Rz. 74

[Autor/Stand] Voraussetzungen. Zu einer bspw. durch einen Wegzug des Einzelunternehmers oder Mitunternehmers ausgelösten Entstrickungsbesteuerung nach § 16 Abs. 3a EStG (sog. fiktive[2] Betriebsaufgabe) kann es kommen, wenn hierdurch das Besteuerungsrecht an den Gewinnen aus der Veräußerung sämtlicher Wirtschaftsgüter des "Betriebs oder Teilbetriebs" ausgeschlossen oder beschränkt wird (zur Frage des Ausschlusses bzw. der Beschränkung des Besteuerungsrechts s. Rz. 66). Werden bei einer Mitunternehmerschaft i.S.v. § 15 Abs. 1 Satz 2 EStG sämtliche stillen Reserven in den Wirtschaftsgütern ihres Betriebsvermögens dem deutschen Besteuerungsrecht entzogen, kann § 16 Abs. 3a EStG ebenfalls anwendbar sein,[3] bspw. wenn der einzige (und allein am Gesellschaftsvermögen beteiligte) Kommanditist einer GmbH & Co KG ins Ausland verzieht.[4] Über § 18 Abs. 3 Satz 2 EStG greift § 16 Abs. 3a EStG auch für das steuerliche (Betriebs-)Vermögen eines selbständig Tätigen.

 

Rz. 75

[Autor/Stand] Rechtsfolgen. § 16 Abs. 3a Satz 1 EStG fingiert eine Betriebsaufgabe.[6] Die Wirtschaftsgüter sind gem. § 16 Abs. 3 Satz 7 mit ihrem gemeinen Wert anzusetzen, da die fiktive Betriebsaufgabe keine "Veräußerung" darstellt.[7] Die festgesetzte Einkommensteuer, die auf den Aufgabegewinn nach § 16 Absatz 3a EStG entfällt, kann unter den Voraussetzungen des § 36 Abs. 5 Satz 1 EStG auf Antrag des Steuerpflichtigen in fünf gleichen Jahresraten entrichtet werden (Ratenzahlungskonzept), wenn die Wirtschaftsgüter einem Betriebsvermögen des Steuerpflichtigen in einem anderen EU-/EWR-Staat zuzuordnen sind, sofern dieser Staat Amts- und Beitreibungshilfe leistet. Ob im Einzelfall die Wirtschaftsgüter ertragsteuerlich einem "Betriebsvermögen des Steuerpflichtigen" in einem "anderen" EU-/EWR-Staat zuzurechnen sind, kann indes problematisch sein.[8] § 36 Abs. 5 Satz 2 ff. EStG sieht – vergleichbar der Regelung in § 6 Abs. 4 Satz 3 ff.– Regelungen zur Entrichtung und sofortigen Fälligstellung bei Eintritt verschiedener Ereignisse vor. i.d.R. wird die fiktive Betriebsaufgabe gewerbesteuerfrei sein (§ 7 Satz 2 Nr. 2 GewStG).

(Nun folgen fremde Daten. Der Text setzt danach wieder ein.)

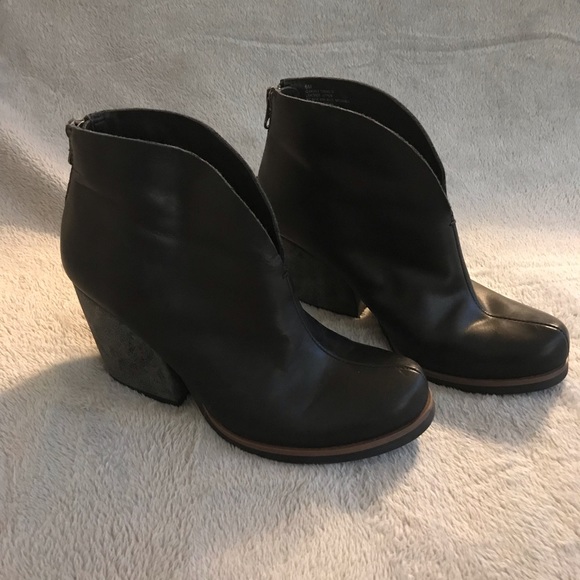 korks shamira boots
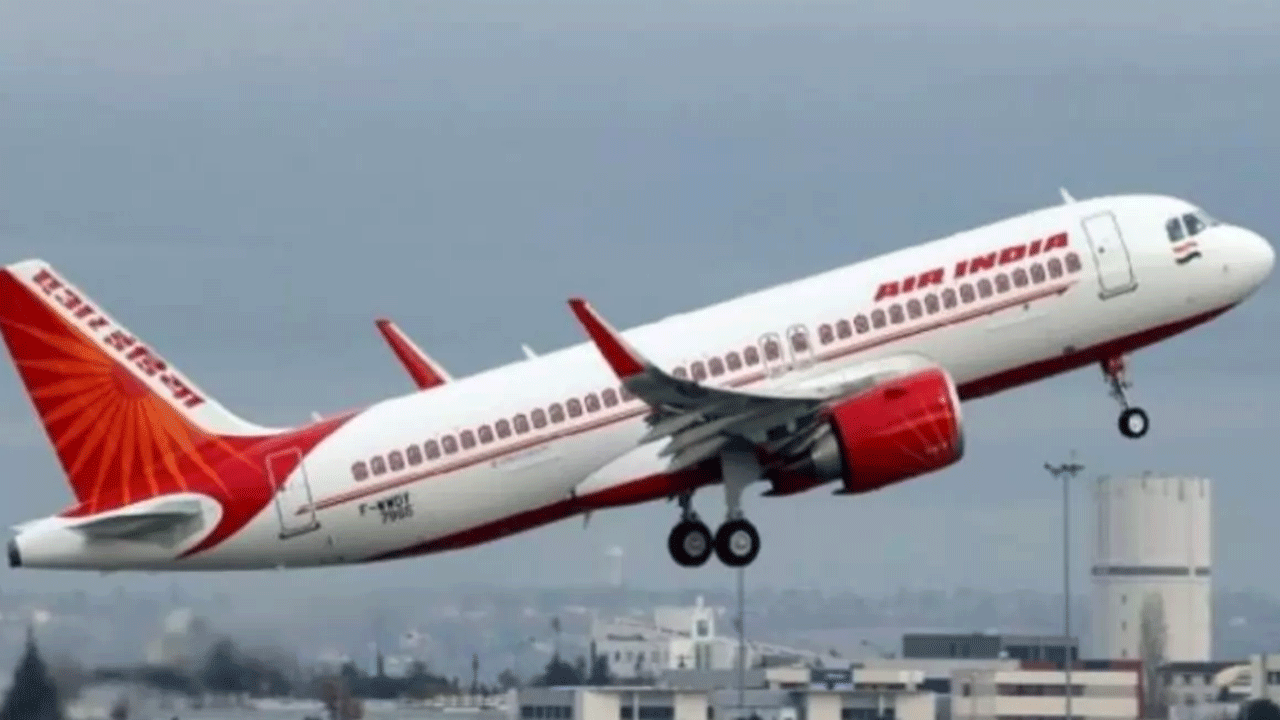 Air India flight: కొచ్చిన్‌లో ఎయిర్ ఇండియా విమానం ఎమర్జెన్సీ ల్యాండింగ్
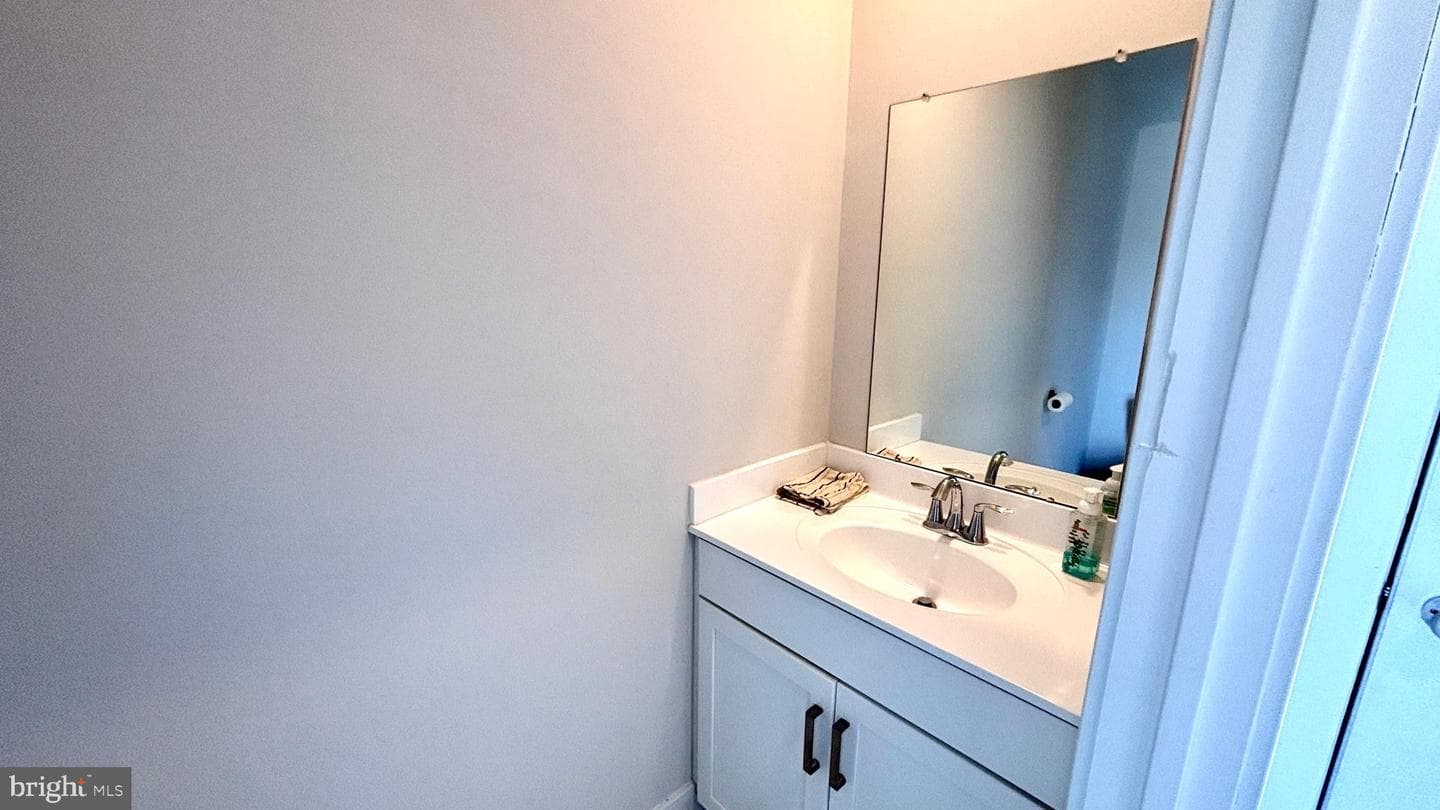 131 Park Place photo 46
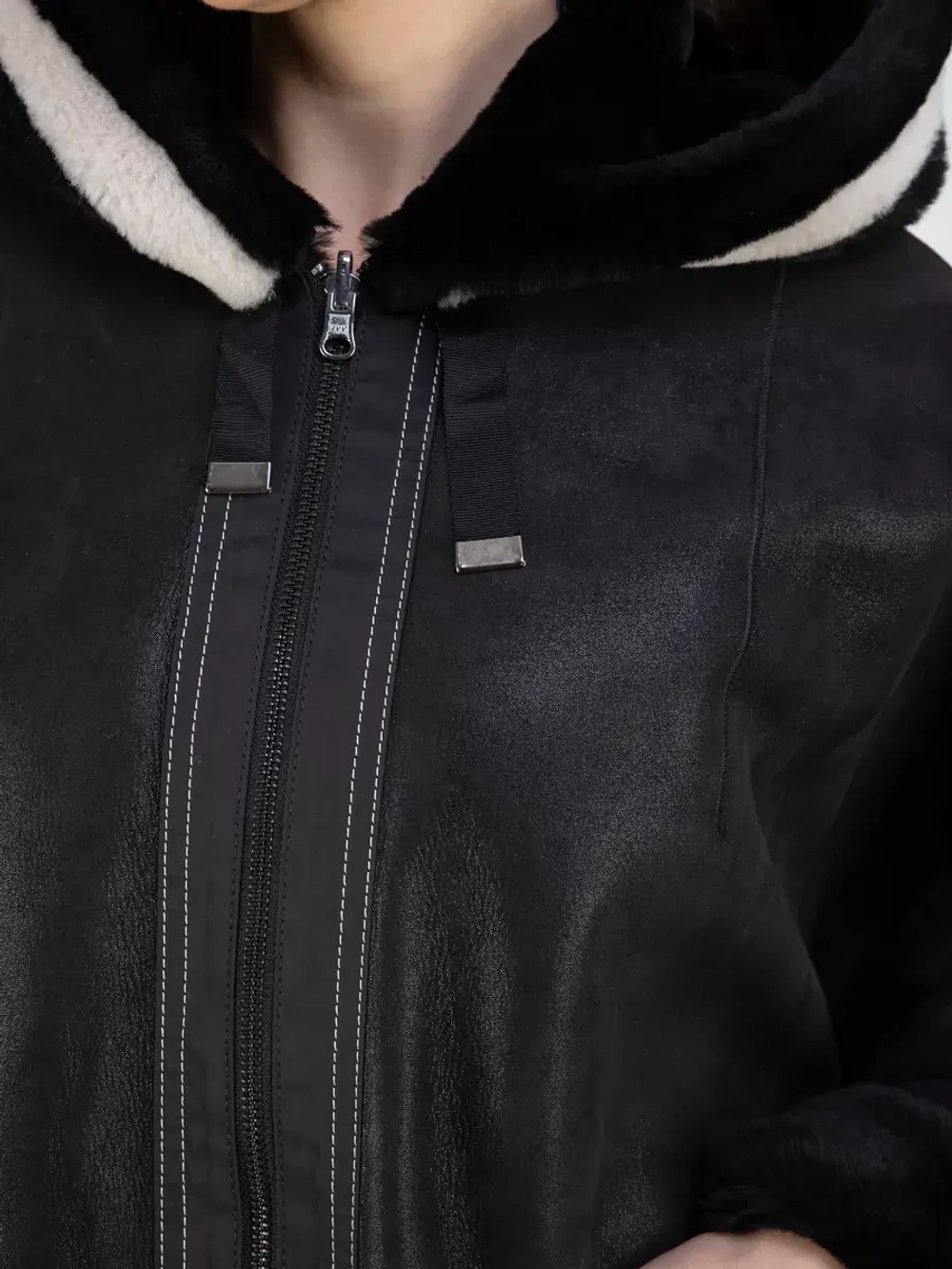 Дубленка натуральная с капюшоном двухсторонняя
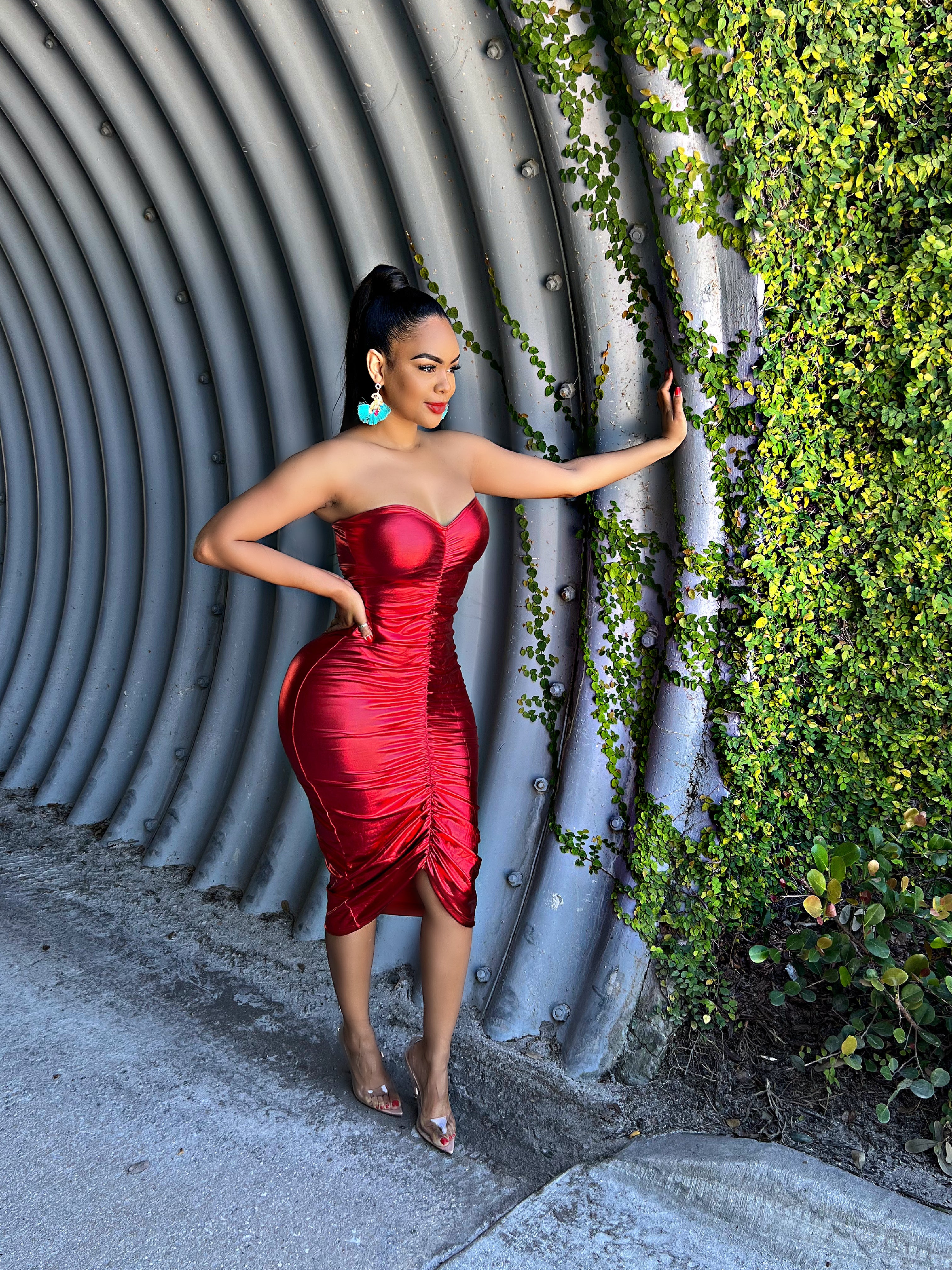 The Sweetheart Metallic Ruched Midi Dress (Red)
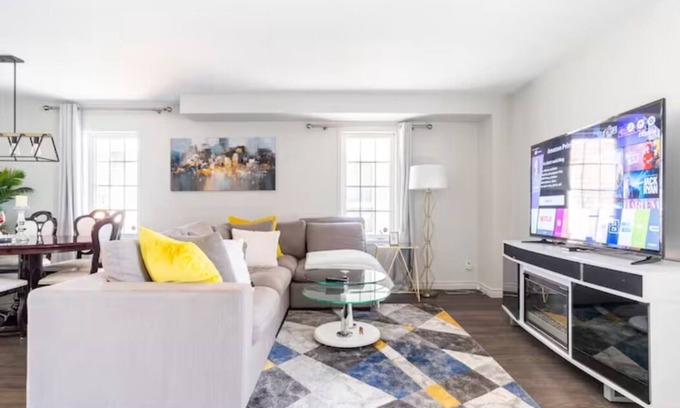 East Credit House | *NEW*Classy Inviting 4 Bedrm home near Toronto Pearson Airport Mississauga core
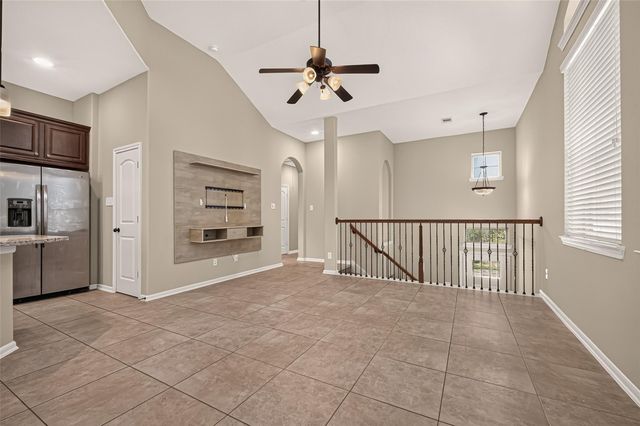 186 Biltmore Loop, Montgomery, TX 77316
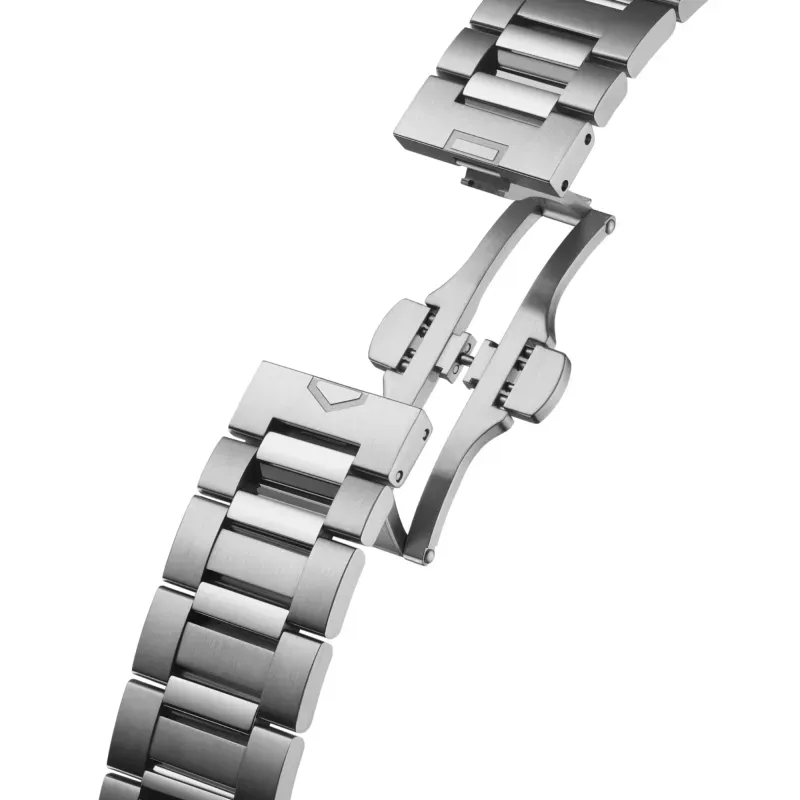 TAG-Heuer-Carrera-Chronograph-Sport-BUCKLE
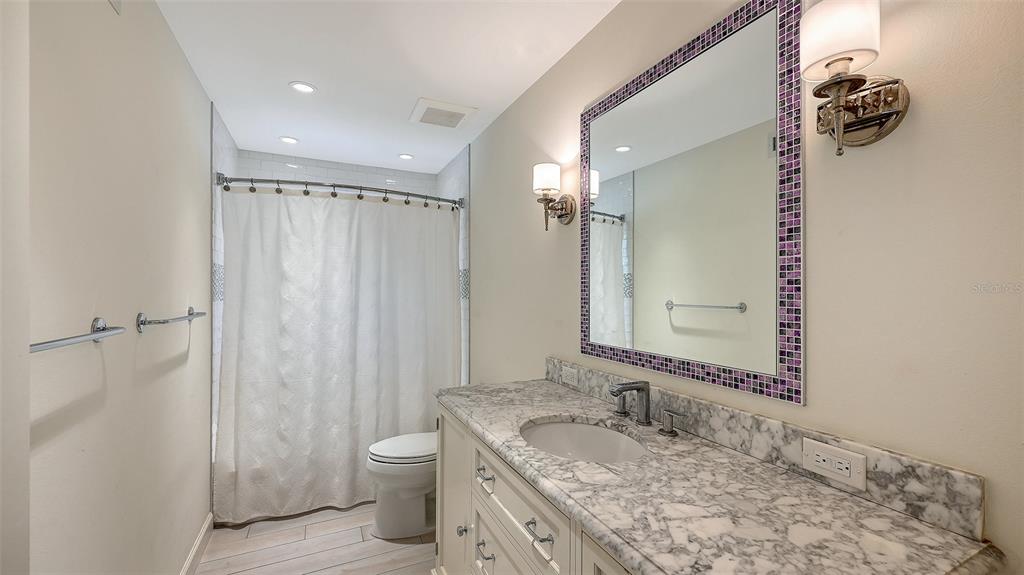 5310 Hidden Harbor Road Sarasota, FL 34242 - Photo 35 of 90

[Autor/Stand] Autor: Häck, Stand: 01.10.2023
[2] Tw. auch als "virtuelle" Betriebsaufgabe bezeichnet, vgl. Seer in Kirchhof/Seer22, § 16 EStG Rz. 224.
[3] Korff/Erdem in Steuerplanung und Compliance, Bd. 2, Teil 4, Thema 2, Rz. 182.
[4] Vgl. Kraft/Ungemach, DStZ 2020, 440 (455); Kraft/Ungemach, PIStB 2017, 257 (259 f.).
[Autor/Stand] Autor: Häck, Stand: 01.10.2023
[6] Stv. Rode in BeckOK, § 16 EStG Rz. 1111.
[7] Rode in BeckOK, § 16 EStG Rz. 1111.
[8] Vgl. Kraft/Ungemach, DStZ 2020, 440 (455); Kraft/Ungemach, PIStB 2017, 257 (259 f.).